* _Work order_: Without the images, write out all of the following entries exactly.
━━━ Data to examine ━━━
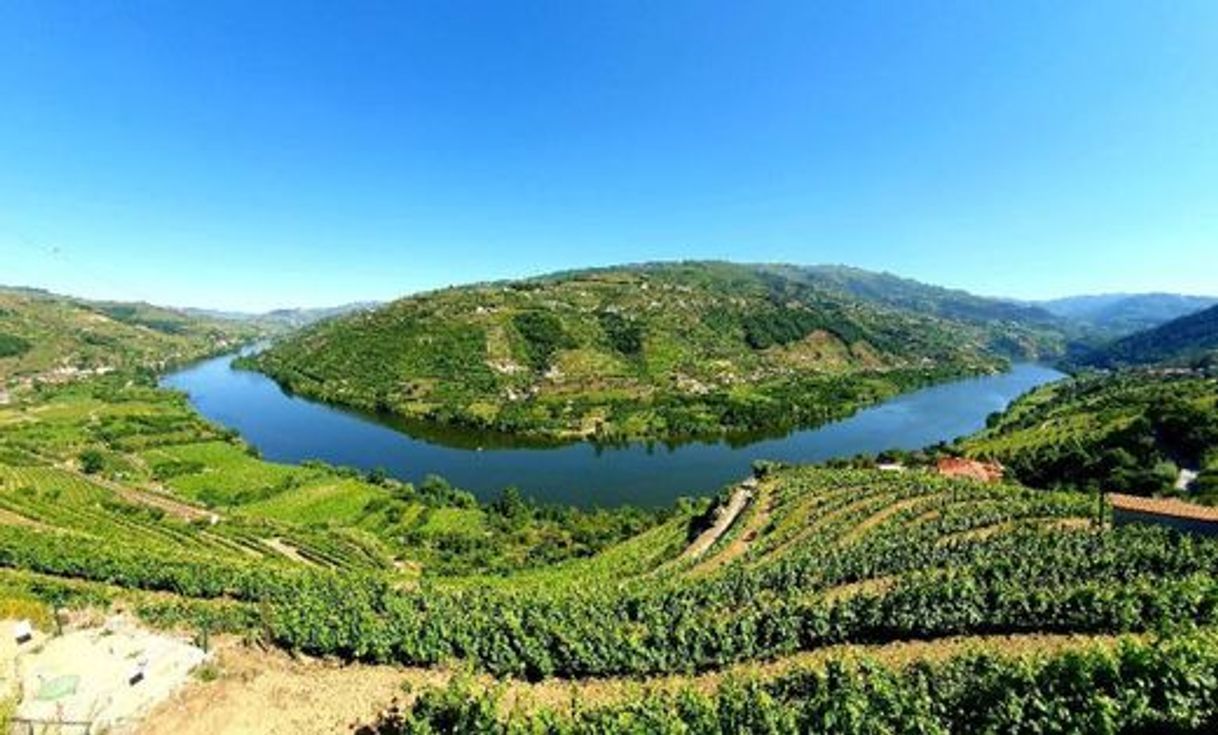 Lugar Miradouro Mesão Frio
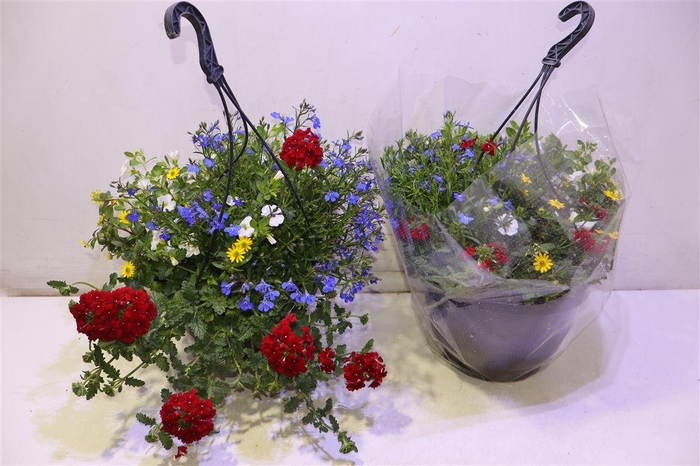 <h4>arr8 Overige Hangplanten</h4>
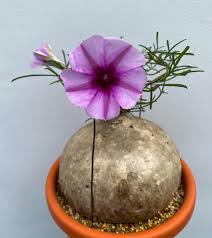 Image result for Ipomoea bolusiana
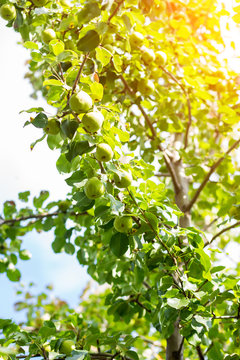 Ripe pears on tree branch.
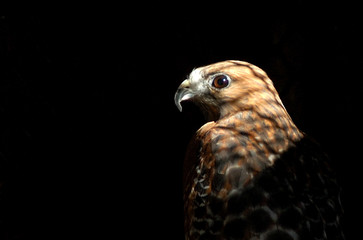 red tail hawk in cage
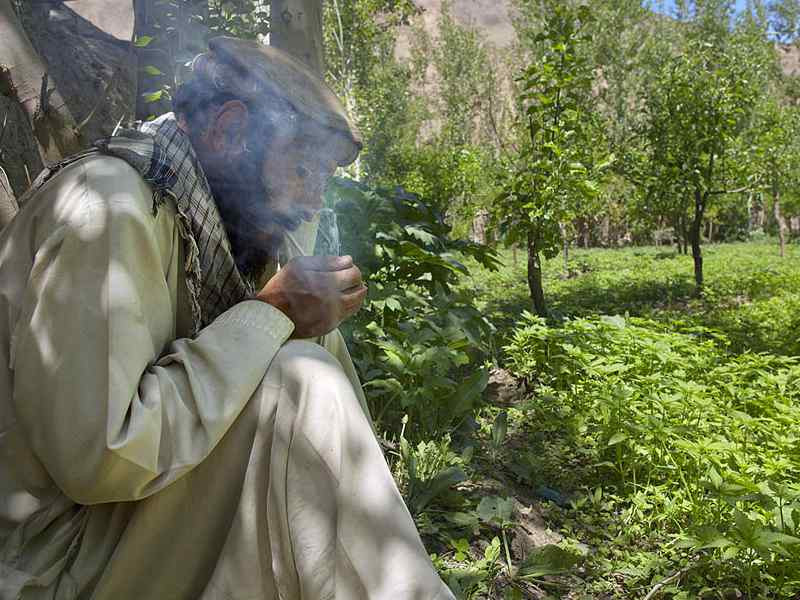 эффект от афганской марихуаны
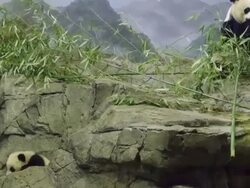 Panda Cub Bao Bao Makes Her Debut At Washington's National Zoo Stock Footage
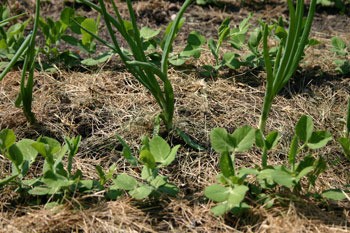 plant rows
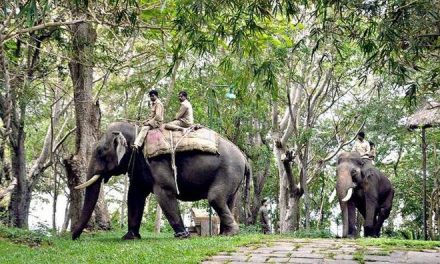 Tiger leaves resort, returns to forest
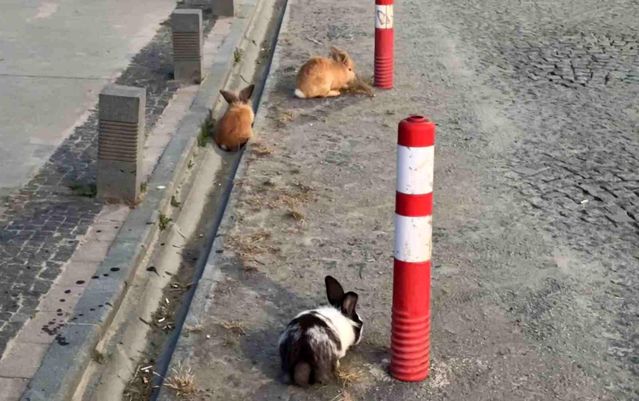Atakum Sahilinde Tavşanlar Şaşırttı - Son Dakika
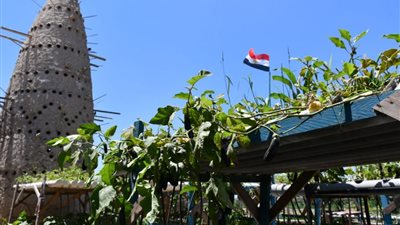 “فيها حاجة حلوة”.. قرية نجع عون في البحيرة تزرع أسطح المنازل بكافة أنواع الزراعات (صور)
━━━
* _Task solution_:
 Lugar Miradouro Mesão Frio
 <h4>arr8 Overige Hangplanten</h4>
 Image result for Ipomoea bolusiana
 Ripe pears on tree branch.
 red tail hawk in cage
 эффект от афганской марихуаны
 Panda Cub Bao Bao Makes Her Debut At Washington's National Zoo Stock Footage
 plant rows
 Tiger leaves resort, returns to forest
Atakum Sahilinde Tavşanlar Şaşırttı - Son Dakika
 “فيها حاجة حلوة”.. قرية نجع عون في البحيرة تزرع أسطح المنازل بكافة أنواع الزراعات (صور)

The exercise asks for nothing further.